§ **Required action**
Everything in the records below from the line containing "Outlook_Q4_2018_Box_Thai5.jpg" through the line containing "直播带货坑点多？UB Store破解直播电商四大痛点场景" is to be reproduced exactly, those two lines included; no picture is to be copied.

Raw data Block Start

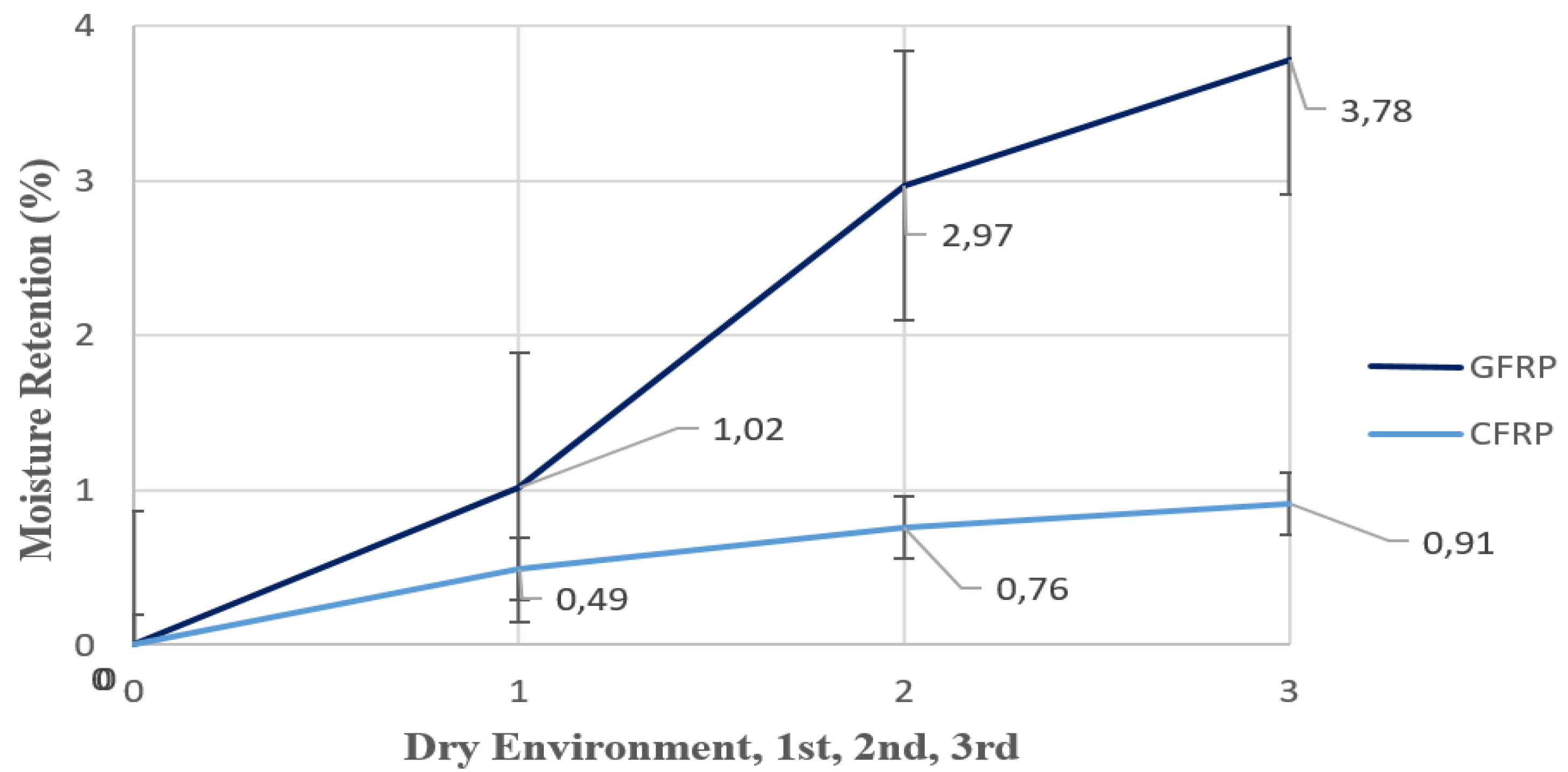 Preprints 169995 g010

Raw data Block End
Raw data Block Start

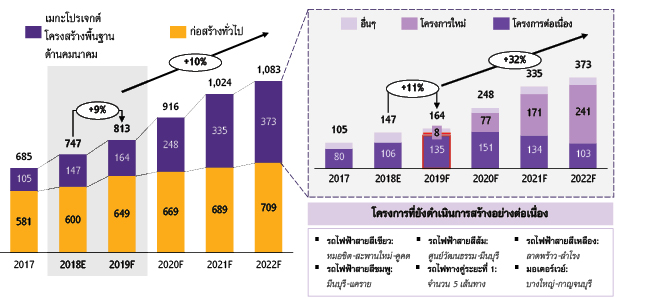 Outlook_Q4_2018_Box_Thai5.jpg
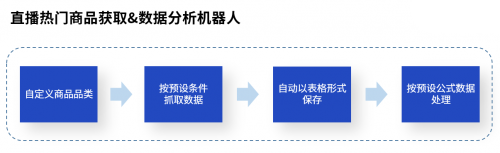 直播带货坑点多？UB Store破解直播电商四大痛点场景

Raw data Block End

§ **Completed task**
 Outlook_Q4_2018_Box_Thai5.jpg
 直播带货坑点多？UB Store破解直播电商四大痛点场景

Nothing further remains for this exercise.